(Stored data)
____
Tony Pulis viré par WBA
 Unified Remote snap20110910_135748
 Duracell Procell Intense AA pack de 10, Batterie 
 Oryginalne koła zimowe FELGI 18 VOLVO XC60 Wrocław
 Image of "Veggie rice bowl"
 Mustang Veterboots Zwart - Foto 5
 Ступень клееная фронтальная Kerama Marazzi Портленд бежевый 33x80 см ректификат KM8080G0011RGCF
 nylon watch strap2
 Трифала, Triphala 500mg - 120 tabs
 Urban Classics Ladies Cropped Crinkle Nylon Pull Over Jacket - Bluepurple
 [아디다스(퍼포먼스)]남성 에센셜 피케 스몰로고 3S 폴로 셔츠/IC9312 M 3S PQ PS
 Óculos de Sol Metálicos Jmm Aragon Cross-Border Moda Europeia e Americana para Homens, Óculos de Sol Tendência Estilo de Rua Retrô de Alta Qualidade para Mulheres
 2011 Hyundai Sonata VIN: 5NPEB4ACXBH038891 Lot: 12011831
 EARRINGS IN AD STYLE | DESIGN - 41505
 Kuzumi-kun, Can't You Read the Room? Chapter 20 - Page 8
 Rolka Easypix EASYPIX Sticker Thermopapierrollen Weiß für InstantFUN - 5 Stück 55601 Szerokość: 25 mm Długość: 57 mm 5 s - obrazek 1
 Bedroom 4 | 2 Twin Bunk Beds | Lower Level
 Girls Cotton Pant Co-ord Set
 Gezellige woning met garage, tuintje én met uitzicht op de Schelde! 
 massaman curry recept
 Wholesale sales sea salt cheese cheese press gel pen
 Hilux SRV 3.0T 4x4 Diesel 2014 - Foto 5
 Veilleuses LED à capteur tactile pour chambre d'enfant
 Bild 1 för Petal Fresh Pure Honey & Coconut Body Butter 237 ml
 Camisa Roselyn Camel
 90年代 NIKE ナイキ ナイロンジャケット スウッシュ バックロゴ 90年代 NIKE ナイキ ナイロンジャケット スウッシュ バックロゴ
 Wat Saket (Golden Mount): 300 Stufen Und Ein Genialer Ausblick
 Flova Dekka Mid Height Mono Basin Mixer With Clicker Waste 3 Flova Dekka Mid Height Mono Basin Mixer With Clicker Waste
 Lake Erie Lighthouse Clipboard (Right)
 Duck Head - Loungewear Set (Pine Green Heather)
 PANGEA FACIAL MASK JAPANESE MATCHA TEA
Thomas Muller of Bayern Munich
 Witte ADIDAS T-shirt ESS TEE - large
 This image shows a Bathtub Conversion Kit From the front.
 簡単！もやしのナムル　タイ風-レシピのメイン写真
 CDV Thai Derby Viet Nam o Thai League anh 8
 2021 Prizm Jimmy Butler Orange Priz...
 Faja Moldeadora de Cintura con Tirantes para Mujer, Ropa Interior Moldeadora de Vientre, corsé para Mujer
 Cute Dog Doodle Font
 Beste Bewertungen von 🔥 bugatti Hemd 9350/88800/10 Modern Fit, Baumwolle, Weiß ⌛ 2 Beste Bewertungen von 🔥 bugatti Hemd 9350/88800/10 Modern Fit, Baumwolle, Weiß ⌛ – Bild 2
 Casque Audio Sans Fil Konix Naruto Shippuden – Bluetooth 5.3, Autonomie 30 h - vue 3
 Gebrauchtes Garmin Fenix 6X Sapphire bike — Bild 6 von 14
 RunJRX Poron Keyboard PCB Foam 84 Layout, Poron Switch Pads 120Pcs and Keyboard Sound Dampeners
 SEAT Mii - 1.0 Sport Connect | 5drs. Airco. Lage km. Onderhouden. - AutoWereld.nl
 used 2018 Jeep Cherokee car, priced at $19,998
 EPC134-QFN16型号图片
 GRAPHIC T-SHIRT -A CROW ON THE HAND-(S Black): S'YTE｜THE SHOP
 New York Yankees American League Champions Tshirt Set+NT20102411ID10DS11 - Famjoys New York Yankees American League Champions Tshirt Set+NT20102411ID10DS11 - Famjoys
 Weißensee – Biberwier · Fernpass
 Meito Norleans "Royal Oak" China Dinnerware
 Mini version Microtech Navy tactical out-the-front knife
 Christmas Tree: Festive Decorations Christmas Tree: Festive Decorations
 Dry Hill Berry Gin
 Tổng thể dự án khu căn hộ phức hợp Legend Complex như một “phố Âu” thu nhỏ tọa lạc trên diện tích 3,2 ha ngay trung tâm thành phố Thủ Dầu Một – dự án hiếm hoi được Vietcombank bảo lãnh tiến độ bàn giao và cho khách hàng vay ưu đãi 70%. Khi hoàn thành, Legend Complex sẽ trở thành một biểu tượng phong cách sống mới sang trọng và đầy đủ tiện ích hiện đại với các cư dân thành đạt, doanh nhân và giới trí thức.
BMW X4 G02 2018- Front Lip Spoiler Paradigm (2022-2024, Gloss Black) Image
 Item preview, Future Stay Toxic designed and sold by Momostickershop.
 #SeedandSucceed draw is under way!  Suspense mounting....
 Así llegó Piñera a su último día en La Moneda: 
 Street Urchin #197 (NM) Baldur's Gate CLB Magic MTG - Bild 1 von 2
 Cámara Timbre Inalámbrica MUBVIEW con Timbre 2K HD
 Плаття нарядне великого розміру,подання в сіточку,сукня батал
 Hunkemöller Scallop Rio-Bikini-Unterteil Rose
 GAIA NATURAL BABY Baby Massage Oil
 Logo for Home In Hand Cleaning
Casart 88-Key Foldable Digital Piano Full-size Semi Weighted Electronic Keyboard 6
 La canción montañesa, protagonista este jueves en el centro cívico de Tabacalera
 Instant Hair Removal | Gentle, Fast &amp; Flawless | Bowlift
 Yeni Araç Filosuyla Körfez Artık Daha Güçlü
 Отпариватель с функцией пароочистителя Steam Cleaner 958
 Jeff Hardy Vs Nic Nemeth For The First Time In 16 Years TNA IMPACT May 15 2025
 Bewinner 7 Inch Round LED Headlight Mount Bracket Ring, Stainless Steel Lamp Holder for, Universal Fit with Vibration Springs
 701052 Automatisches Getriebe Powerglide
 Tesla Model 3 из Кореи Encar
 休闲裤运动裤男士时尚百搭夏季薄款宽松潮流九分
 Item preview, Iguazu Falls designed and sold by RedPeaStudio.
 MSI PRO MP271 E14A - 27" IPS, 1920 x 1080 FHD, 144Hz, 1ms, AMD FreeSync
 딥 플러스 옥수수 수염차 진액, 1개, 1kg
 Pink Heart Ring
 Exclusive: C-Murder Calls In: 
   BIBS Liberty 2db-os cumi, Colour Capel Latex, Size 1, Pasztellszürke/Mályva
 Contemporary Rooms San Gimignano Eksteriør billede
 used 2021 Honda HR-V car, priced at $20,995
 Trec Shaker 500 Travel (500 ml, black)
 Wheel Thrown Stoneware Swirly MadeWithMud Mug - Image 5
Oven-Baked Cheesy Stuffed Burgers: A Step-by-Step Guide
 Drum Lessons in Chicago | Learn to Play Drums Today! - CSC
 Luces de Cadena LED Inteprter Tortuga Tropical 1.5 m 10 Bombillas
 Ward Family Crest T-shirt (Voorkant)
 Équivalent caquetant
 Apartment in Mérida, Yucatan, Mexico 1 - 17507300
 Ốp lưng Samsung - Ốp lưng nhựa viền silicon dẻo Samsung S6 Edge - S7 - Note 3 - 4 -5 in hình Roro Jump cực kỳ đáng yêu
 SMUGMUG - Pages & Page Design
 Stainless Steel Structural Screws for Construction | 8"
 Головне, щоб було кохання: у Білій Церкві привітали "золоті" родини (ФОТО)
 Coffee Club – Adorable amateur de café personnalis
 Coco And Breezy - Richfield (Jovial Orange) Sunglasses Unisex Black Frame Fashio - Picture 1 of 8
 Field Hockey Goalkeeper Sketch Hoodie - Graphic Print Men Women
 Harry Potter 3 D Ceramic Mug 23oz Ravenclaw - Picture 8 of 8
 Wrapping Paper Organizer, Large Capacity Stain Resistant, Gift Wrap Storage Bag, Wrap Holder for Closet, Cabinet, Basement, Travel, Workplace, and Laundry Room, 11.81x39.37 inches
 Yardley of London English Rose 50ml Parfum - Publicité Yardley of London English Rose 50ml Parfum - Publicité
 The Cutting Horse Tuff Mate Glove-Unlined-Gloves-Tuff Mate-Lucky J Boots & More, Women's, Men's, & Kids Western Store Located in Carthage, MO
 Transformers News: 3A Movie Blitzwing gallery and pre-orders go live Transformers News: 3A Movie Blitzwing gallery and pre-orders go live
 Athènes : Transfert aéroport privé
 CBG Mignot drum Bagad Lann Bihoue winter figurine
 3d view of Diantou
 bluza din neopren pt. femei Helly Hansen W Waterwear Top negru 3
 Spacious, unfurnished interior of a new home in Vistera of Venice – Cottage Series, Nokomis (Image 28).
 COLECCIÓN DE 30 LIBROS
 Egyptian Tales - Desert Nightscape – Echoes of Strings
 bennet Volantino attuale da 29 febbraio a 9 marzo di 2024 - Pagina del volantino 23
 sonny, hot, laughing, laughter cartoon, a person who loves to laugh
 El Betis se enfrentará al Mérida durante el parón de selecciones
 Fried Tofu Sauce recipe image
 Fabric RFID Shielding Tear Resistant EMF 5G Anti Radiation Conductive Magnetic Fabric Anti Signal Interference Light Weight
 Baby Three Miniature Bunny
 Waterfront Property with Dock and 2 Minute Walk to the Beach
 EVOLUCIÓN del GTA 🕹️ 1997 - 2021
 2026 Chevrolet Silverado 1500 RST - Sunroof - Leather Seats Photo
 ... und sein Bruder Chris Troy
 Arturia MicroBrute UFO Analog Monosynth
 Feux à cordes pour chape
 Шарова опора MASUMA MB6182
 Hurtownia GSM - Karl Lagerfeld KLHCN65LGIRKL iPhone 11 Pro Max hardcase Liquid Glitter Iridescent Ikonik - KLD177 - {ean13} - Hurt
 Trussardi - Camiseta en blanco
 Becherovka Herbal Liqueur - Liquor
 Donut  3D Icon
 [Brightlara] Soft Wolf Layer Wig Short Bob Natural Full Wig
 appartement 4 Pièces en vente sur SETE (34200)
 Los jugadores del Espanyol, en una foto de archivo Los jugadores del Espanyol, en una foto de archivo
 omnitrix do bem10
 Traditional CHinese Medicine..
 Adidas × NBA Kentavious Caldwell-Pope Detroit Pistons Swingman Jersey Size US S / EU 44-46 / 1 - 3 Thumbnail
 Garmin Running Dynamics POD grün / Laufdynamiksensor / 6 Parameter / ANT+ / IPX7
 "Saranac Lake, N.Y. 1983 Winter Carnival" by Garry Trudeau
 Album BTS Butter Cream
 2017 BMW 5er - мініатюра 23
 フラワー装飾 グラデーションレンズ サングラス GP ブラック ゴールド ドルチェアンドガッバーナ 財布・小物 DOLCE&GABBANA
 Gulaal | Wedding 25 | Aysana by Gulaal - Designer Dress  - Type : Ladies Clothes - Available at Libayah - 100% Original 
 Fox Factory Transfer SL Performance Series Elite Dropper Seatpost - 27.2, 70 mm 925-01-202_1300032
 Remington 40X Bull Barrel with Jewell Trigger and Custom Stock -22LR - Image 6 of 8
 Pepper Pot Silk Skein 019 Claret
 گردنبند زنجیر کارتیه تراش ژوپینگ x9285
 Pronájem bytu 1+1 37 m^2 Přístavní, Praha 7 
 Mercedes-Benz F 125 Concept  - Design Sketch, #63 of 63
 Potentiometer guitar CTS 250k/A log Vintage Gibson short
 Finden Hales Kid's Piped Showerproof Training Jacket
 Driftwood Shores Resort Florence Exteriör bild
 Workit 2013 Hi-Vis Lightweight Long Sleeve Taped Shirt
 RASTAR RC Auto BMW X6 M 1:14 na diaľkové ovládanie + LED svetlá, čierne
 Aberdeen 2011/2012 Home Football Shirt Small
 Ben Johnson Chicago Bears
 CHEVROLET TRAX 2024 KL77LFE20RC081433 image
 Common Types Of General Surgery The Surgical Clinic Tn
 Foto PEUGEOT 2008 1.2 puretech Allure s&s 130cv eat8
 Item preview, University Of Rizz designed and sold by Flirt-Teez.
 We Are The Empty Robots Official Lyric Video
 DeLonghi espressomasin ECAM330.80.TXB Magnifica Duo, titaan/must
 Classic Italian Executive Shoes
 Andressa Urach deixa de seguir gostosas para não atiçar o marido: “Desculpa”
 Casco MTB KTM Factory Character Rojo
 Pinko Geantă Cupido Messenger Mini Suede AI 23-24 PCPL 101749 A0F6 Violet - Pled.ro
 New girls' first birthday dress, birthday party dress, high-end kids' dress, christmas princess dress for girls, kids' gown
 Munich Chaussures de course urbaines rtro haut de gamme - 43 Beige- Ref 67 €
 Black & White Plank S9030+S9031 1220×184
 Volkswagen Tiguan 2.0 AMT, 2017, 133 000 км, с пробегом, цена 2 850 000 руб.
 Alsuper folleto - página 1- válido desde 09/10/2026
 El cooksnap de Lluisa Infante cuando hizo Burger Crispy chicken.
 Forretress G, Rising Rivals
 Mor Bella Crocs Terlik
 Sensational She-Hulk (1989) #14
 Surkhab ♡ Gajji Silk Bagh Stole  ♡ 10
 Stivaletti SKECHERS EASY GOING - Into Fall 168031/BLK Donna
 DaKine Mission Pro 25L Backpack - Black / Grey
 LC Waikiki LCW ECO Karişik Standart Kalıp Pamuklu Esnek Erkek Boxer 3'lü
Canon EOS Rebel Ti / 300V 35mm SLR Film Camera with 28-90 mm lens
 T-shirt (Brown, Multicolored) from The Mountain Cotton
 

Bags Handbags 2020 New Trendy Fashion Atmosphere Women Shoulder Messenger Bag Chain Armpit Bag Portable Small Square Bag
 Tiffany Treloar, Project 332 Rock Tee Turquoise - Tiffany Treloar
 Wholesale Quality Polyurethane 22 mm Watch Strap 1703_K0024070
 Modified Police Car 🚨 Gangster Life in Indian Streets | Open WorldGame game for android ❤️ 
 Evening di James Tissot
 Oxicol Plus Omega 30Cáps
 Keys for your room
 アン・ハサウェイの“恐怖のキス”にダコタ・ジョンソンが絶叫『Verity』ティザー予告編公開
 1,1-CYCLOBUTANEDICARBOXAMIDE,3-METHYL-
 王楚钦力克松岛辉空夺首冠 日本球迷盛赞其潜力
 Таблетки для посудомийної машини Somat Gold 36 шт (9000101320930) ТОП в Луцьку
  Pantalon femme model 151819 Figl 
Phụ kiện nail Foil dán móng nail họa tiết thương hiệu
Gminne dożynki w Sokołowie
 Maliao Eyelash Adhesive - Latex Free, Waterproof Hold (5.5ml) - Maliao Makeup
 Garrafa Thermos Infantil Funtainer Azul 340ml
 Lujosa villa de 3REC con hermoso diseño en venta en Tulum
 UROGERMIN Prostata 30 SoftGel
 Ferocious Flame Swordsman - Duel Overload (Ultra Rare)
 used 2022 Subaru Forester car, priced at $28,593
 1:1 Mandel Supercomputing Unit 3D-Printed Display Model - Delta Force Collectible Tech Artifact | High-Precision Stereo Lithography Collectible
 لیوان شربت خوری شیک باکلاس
____
Problem description | Filter the records above, keeping each line that contains the word "Item".

Exercise answer |
 Item preview, Future Stay Toxic designed and sold by Momostickershop.
 Item preview, Iguazu Falls designed and sold by RedPeaStudio.
 Item preview, University Of Rizz designed and sold by Flirt-Teez.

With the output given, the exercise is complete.